Turismo y Viajes

Rajastán, el Estado de los marajás

Rajastán ha sido una de las regiones que más me gustaron de la India. Pasé alrededor de un mes visitando sus principales ciudades así como el desierto de Thar, un tiempo que me permitió empaparme de su cultura y sus costumbres, más arraigadas que en otras zonas del país. Su ubicación geográfica (fronteriza con Pakistán), le otorga cierto halo evocador y sugerente típico de los países árabes al tiempo que se empapa también de las tradiciones hinduistas más rígidas y conservadoras de todo el país.

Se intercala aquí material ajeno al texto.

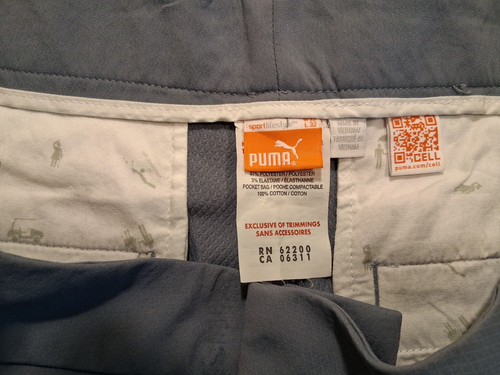 Pantaloni PUMA Sports Lifestyle Golf Elasticizzati Flex 32x32 Colore Grigio Poli Elastan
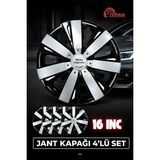 Yonga Oto Aksesuar Volkswagen Jetta 16 Inç Jant Kapağı 4'lü Set Siyah Gümüş + 4 Amblem + 8 Cırt Kelepçe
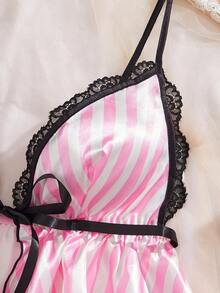 2 Pieces Sets Women Contrast Striped Print Satin Pajamas Spaghetti Strap Slit Self‑Tie Ruffled Sleep Nightwear Lace Splicing Camisole Home Loungewear - Pink - View 9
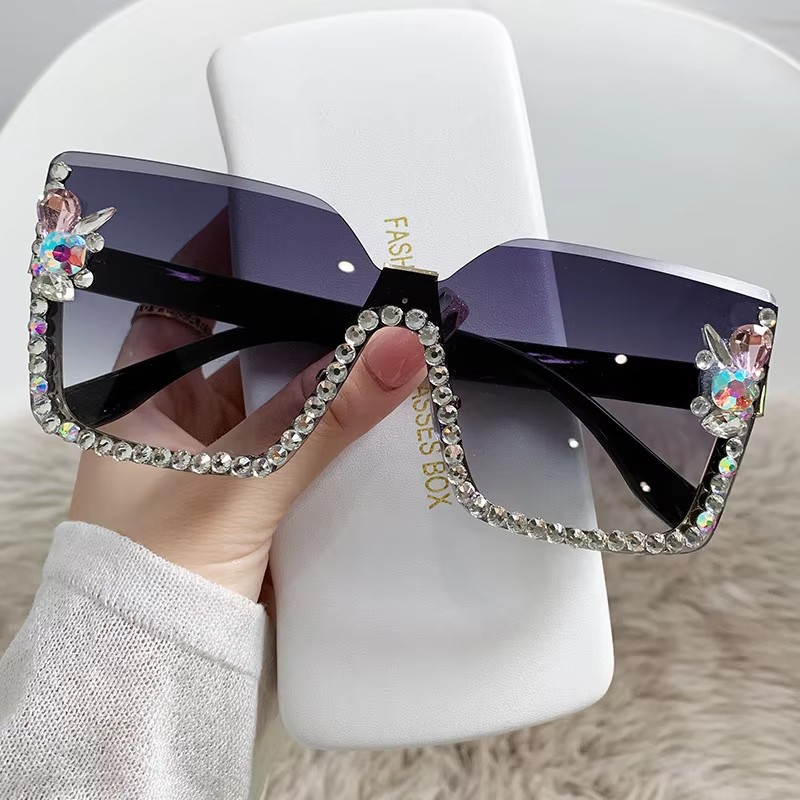 New Arrival Square Rimless With Diamond Designer Ladies Luxury Custom Logo Fashion Women Sunglasses A&S Collection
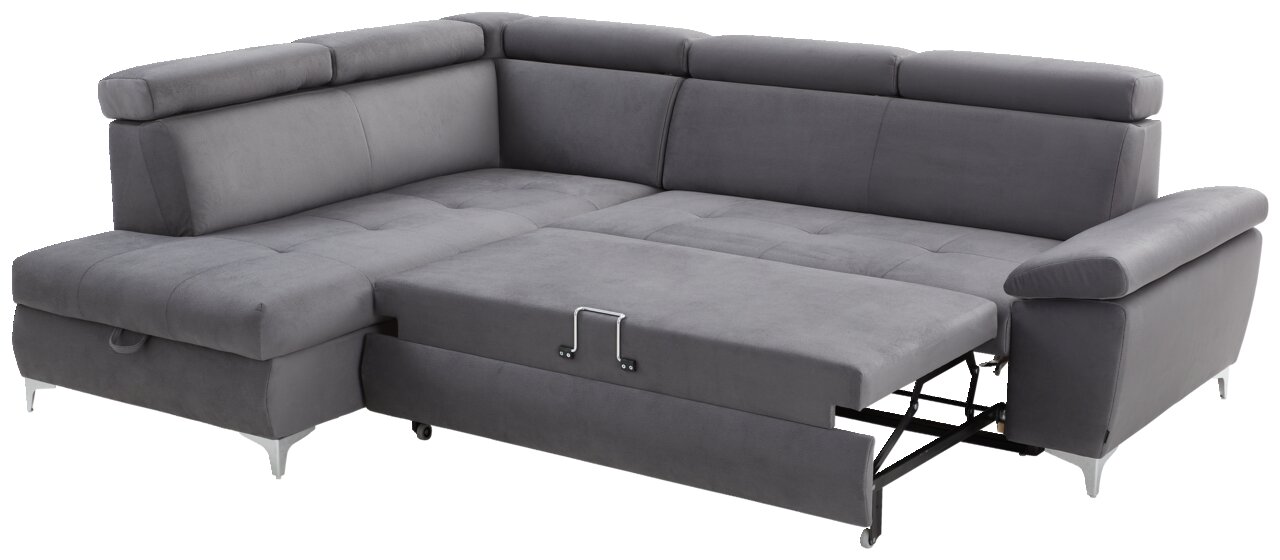 Graue Ecksofa mit Schlaffunktion, ausgezogen, Perspektive von vorne rechts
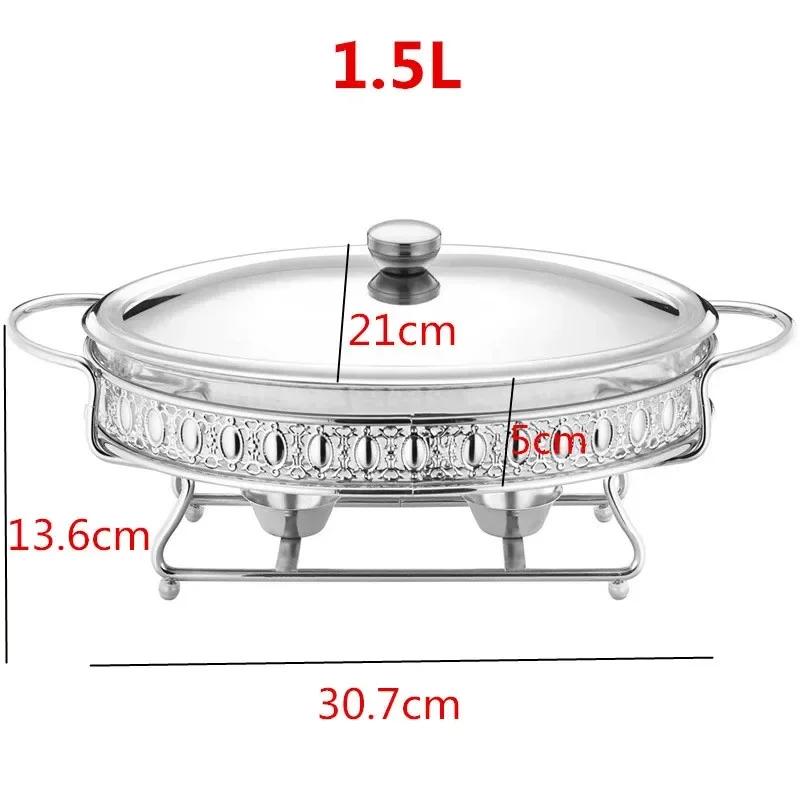 

Подогреватель еды, шведский стол, роскошный золотой овальный жаровня для отеля, свадебная тарелка из нержавеющей стали, стеклянная сервировочная тарелка, горячее блюдо, маленькая жаровня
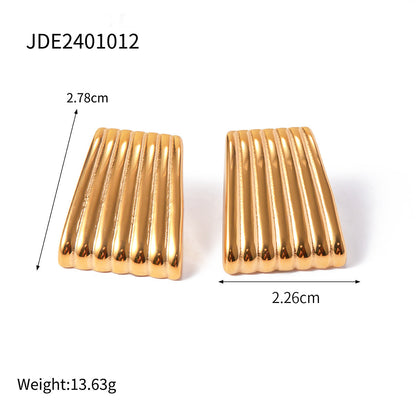 Stainless Steel Striated Ladder Hoop Earrings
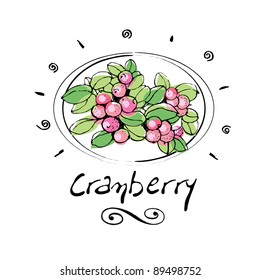 Hand Drawn Cranberry In Vignette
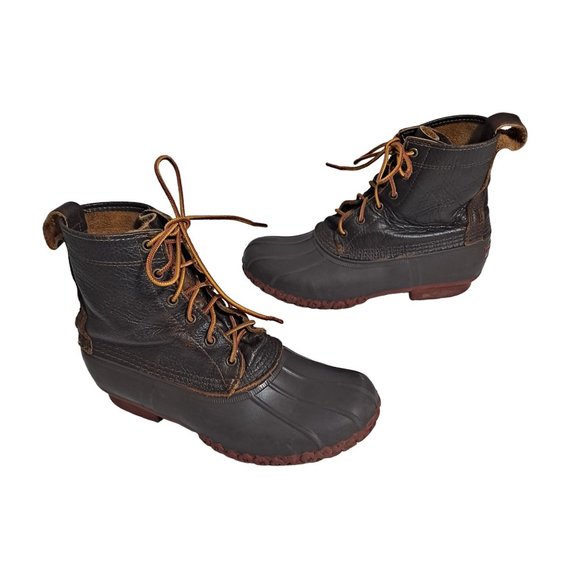 LL Bean Boot Men 9 Leather Brown Outdoor Duck Hunting Shoe USA Gorpcore READ - Picture 1 of 9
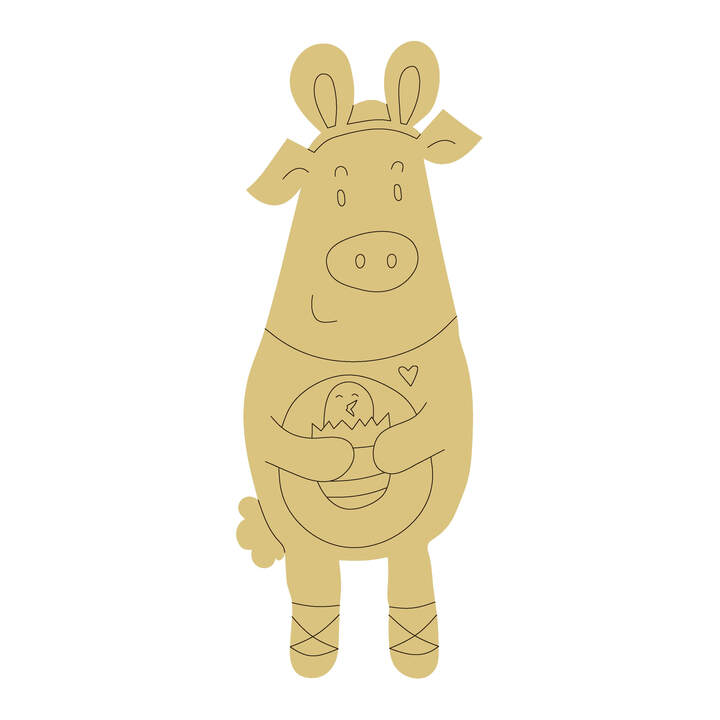Easter Pig Design By Lines Unfinished Wood Cutout Style 1
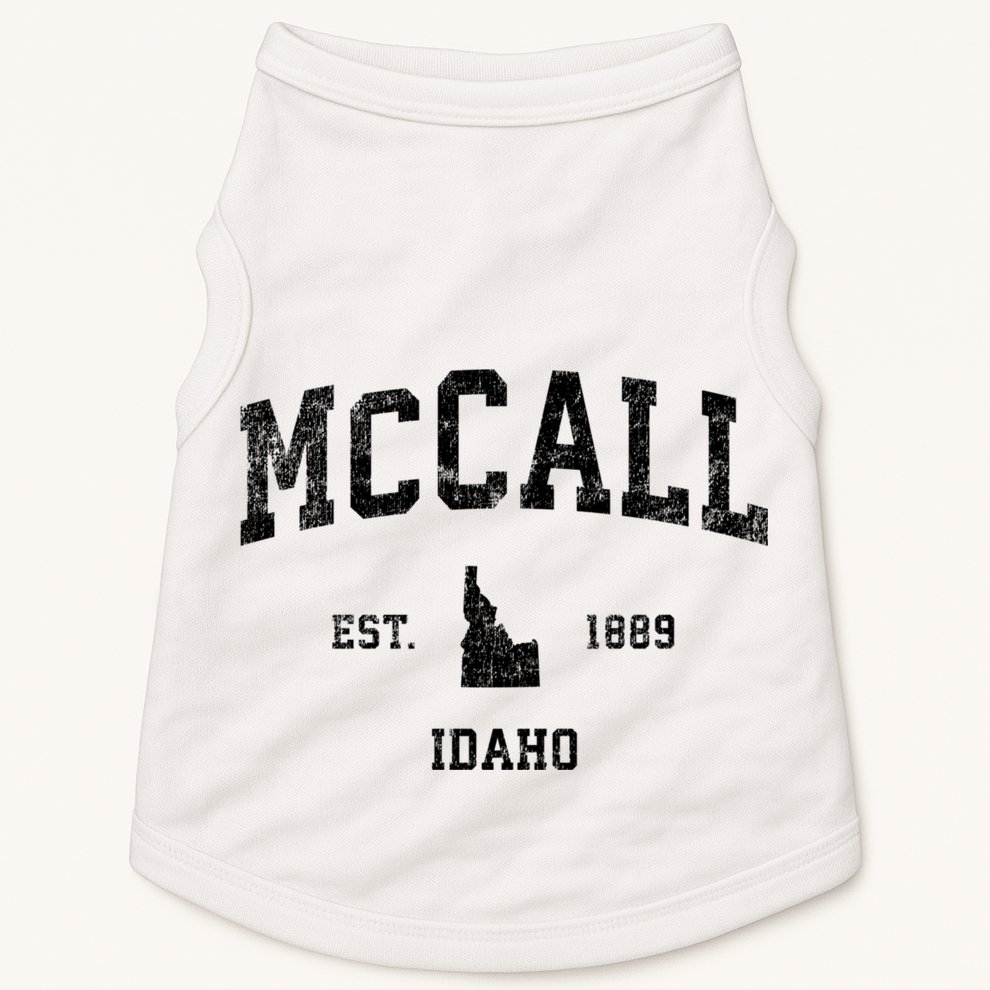 Mccall Idaho Id Vintage Established Sports Design Doggie Tank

Viajar a esta zona me abrió las puertas a todo un mundo desconocido hasta el momento. Para empezar, las mujeres no usan saris y se cubren el rostro con un velo de tal forma que el único hombre que las puede ver es el propio marido. Las bodas son pactadas por las familias incluso cuando los novios son todavía unos niños y en muchos casos éstos solo se conocen el día del enlace. El opio está presente en cualquier ceremonia o ritual y tiene la función de 'pipa de la paz' con el que sellar el fin de cualquier problema o disputa entre varias personas.

Rajastán es el estado por excelencia de los marajás y acuna miles de historias relacionadas con los lujos y excentricidades de estos magnates con aires de grandeza. Era el reino de palacios dorados llenos de marfil y piedras preciosas, elefantes engalanados con ricas telas, harenes que embelesaban por la belleza de sus mujeres, eunucos vendidos al capricho de sus príncipes, murallas preparadas para inminentes ataques y fortalezas tan grandes que traspasan los límites de la imaginación. Es mucho lo que todavía hoy queda en pie y es posible visitar palacios y fuertes tan imponentes como el de Meranghar, en Jodhpur.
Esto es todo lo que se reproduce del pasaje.